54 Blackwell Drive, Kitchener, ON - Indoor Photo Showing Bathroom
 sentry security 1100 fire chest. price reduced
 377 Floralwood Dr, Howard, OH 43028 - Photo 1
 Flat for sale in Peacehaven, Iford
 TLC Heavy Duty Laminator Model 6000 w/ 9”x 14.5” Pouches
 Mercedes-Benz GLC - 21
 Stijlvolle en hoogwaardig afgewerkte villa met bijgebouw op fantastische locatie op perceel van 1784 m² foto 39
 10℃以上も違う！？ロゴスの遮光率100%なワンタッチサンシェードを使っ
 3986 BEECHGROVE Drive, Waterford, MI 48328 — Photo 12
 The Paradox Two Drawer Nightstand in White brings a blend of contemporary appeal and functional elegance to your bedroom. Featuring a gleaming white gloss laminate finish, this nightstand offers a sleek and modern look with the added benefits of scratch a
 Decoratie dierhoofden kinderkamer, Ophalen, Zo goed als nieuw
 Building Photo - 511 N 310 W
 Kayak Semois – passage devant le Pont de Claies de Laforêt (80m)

****

• Task objective:
Using the material above, quote the first line and each line after it, stopping at and including the line that holds "TLC Heavy Duty".

• Task output:
54 Blackwell Drive, Kitchener, ON - Indoor Photo Showing Bathroom
 sentry security 1100 fire chest. price reduced
 377 Floralwood Dr, Howard, OH 43028 - Photo 1
 Flat for sale in Peacehaven, Iford
 TLC Heavy Duty Laminator Model 6000 w/ 9”x 14.5” Pouches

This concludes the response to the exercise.